ENCINITAS — The city’s pension and retiree healthcare debt has risen from $50 million to $56 million this year, despite ongoing efforts to pay down the liability in recent years.
City officials learned about the rising amount last month at a City Council meeting closing the books on the 2017-2018 fiscal year.
In recent years, the city has been paying $500,000 annually towards what it owes for post-employee retirement benefits on top of its regular payments to CalPERS, while also offering less generous retirement packages to new employees.
For example, a new city employee would have to retire at age 62 to receive full retirement benefits, which would amount to two percent of the employees highest three-year salary average during that period times the number of years employed.
Prior to the change, employees would get 2.7 times that highest salary and could vest at age 55.
But the state retirement system, known as CalPERS, has decreased the amount of its contribution in recent years, shifting the burden towards cities, as the result of CalPERS lowering what is known as the “discount rate.”
That rate — the anticipated long-term rate of return on the state pension system’s investment portfolio — was at 7.5 percent in 2016, but CalPERS that year voted to gradually step its return rate down to 7 percent by 2020. City officials called the overall pension picture “concerning.”

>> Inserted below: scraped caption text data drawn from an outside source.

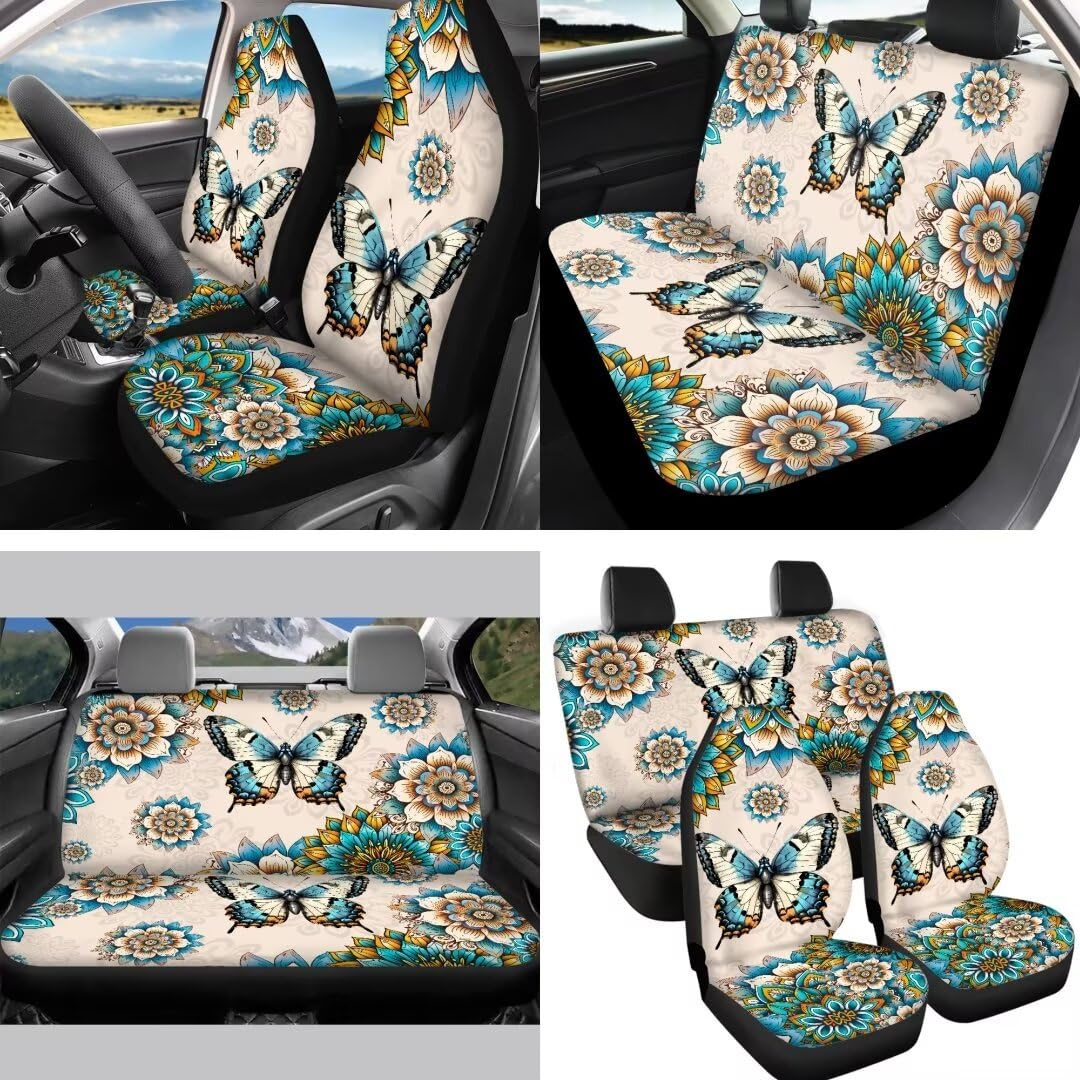 Alfombrillas De Coche Con Estampado De Mariposas Azules - 4 Piezas, Antideslizantes, Para Suelo Delantero Y Trasero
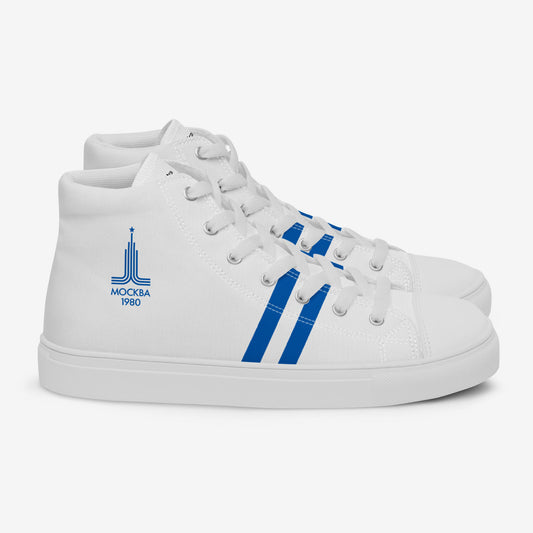 Womens Moscow 1980 Olympic Games high-top shoes with vintage navy graphics on white canvas, featuring the Olympic emblem and retro stripes.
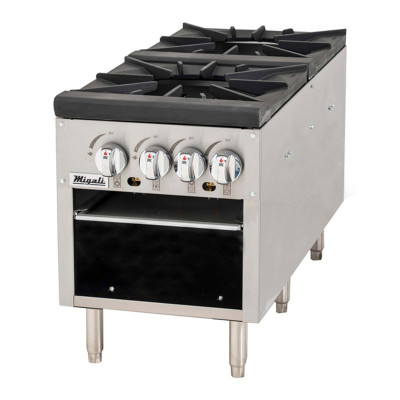 Migali C-SPS-2-18-LP 18" Liquid Propane 4 Burners Standard Countertop - 160,000 BTU
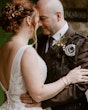 Real Bride in Nature-Inspired Tulle Wedding Dress with Plunging V-Neckline Called Jenessa by Rebecca Ingram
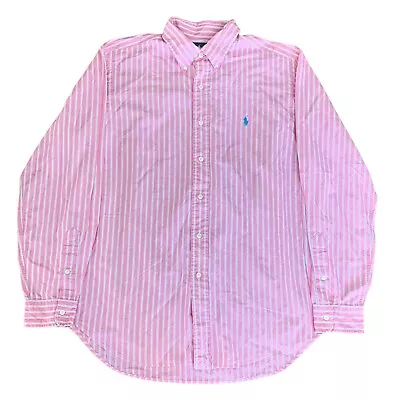 Ralph Lauren Shirt Classic Fit Button-Down Long Sleeve Striped Pink Men's Large • £16.99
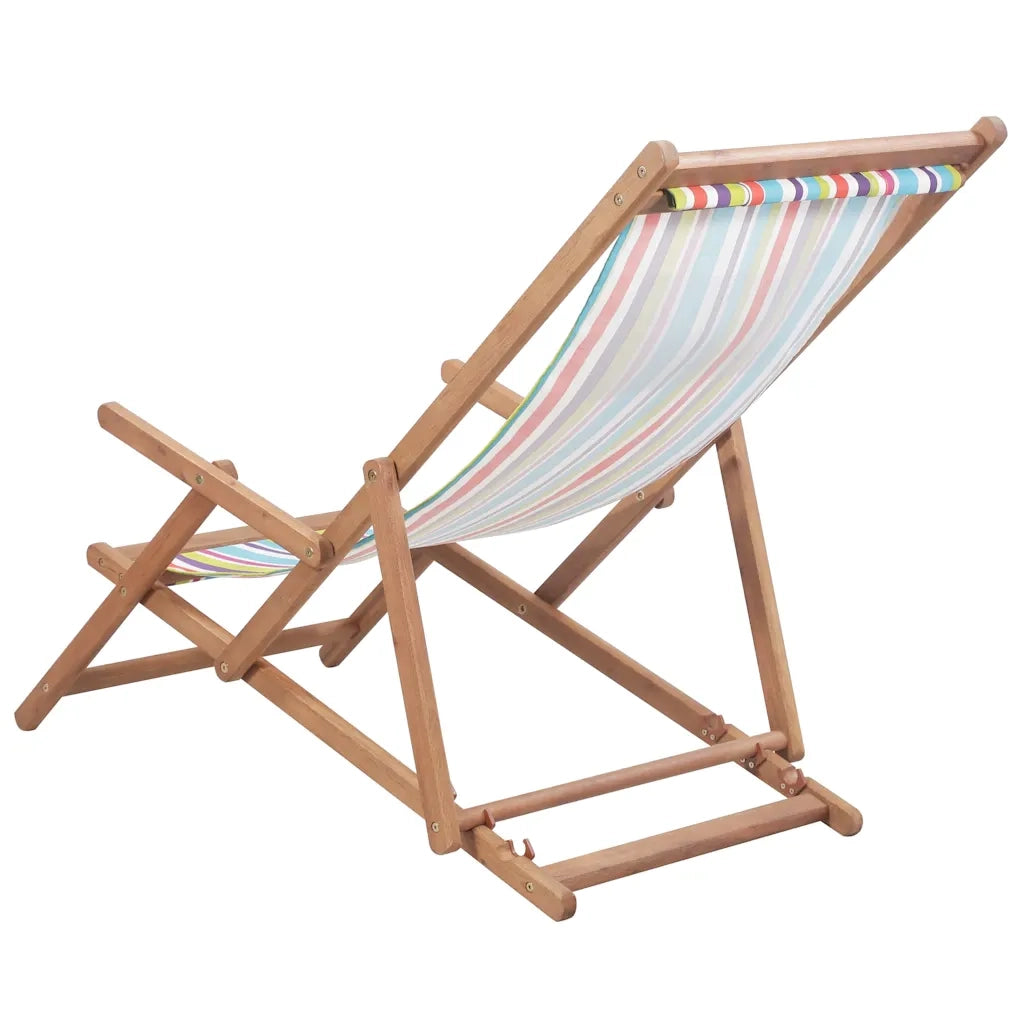 Sdraio da Spiaggia Pieghevole Telaio Legno Tessuto Multicolore CFW3129972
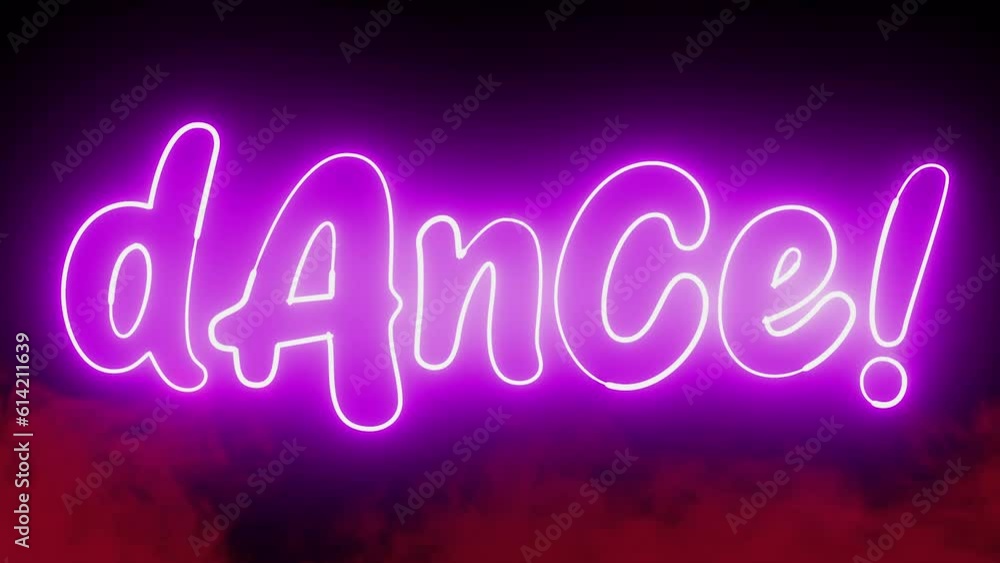 Poster dance text font with light. luminous and shimmering haze inside the letters of the text dance.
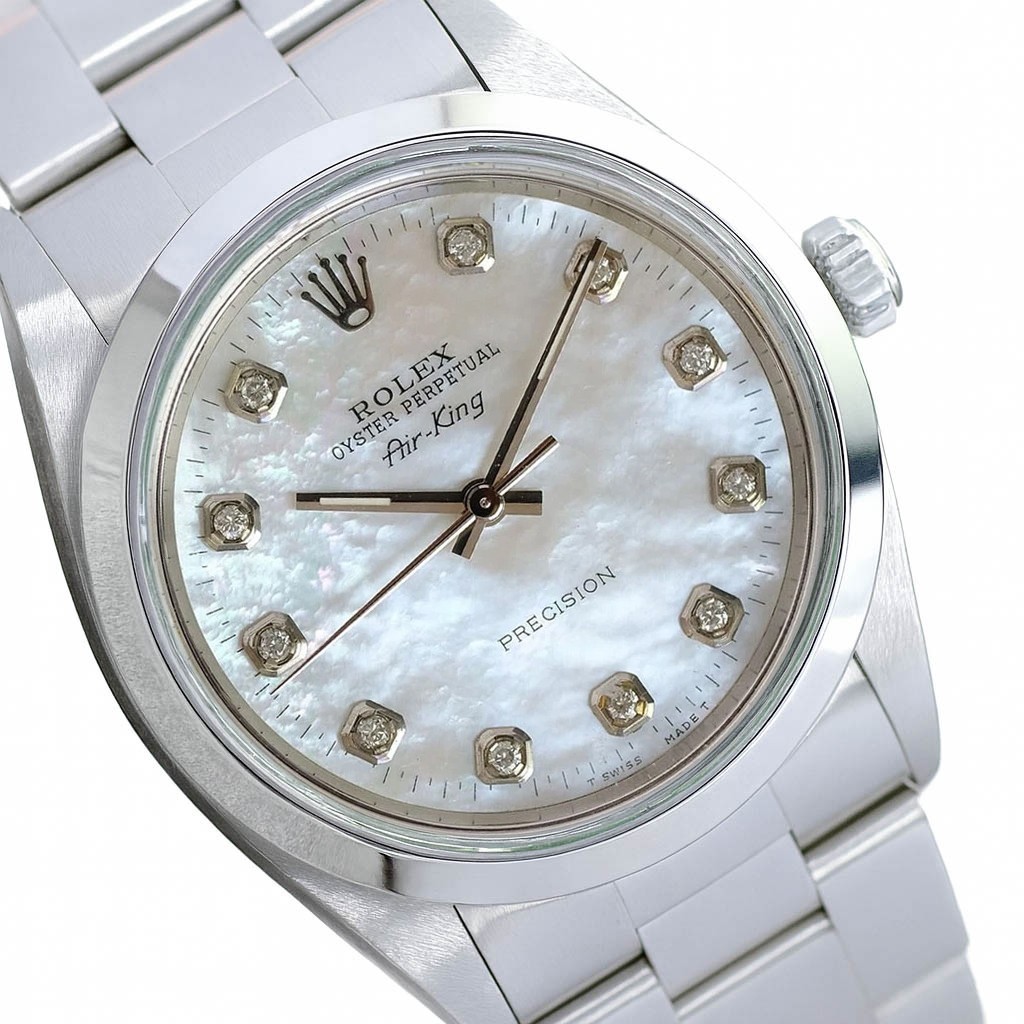 Rolex Air King SS White Mother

“The 800 pound gorilla in all municipal efforts is the pension obligations, and it concerns me a little bit that the the report that lays out a significant jump in our unfunded liability mentions the increase … was the result of lower CalPERS discount rate assumption,” Councilman Tony Kranz said. “The discount rate assumptions are a real problem.”
Kranz pointed out that some critics of the state retirement system argue that the discount rate is still too high, and by maintaining the 7 percent rate will leave the pension crisis for the next generation of municipal officials to grapple with, a sentiment echoed by Councilwoman Jody Hubbard.
“The problem with being gentle is…at the end of the day you gotta pay it,” she said.
Gary Caporicci, a certified public accountant with the Pun Group, which audited the city’s financial statements, said that there are some critics who have argued that CalPERS should lower its projections to 4 to 5 percent, but they choose to not do so because the impact would devastate some municipalities.
State retirement officials, Caporricci said, base their investment projections on 30-year windows of returns, so while current returns might not be in line, history dictates they ultimately meet their mark, he said.
Whether that materializes in the current situation remains to be seen, he said.
Meanwhile, Mayor Catherine Blakespear said the council in an upcoming meeting would take a look at its pension payment approach to see if there are other payment options.
Blakespear said that the cities are grappling with the unsound financial decisions of both local municipalities and state retirement officials of decades past.
“In the ’90s, many cities considered it sound financial policy to bet on a rising market to cover generous pension benefits,” Blakespear said. “By the early 2000s, the folly of this plan became obvious.”
“We’ll be discussing whether it makes financial sense to take another approach to paying down our existing pension debt while still operating critical government functions (like funding sheriff’s deputies and keeping parks open) and also investing in longer term capital projects,” she said.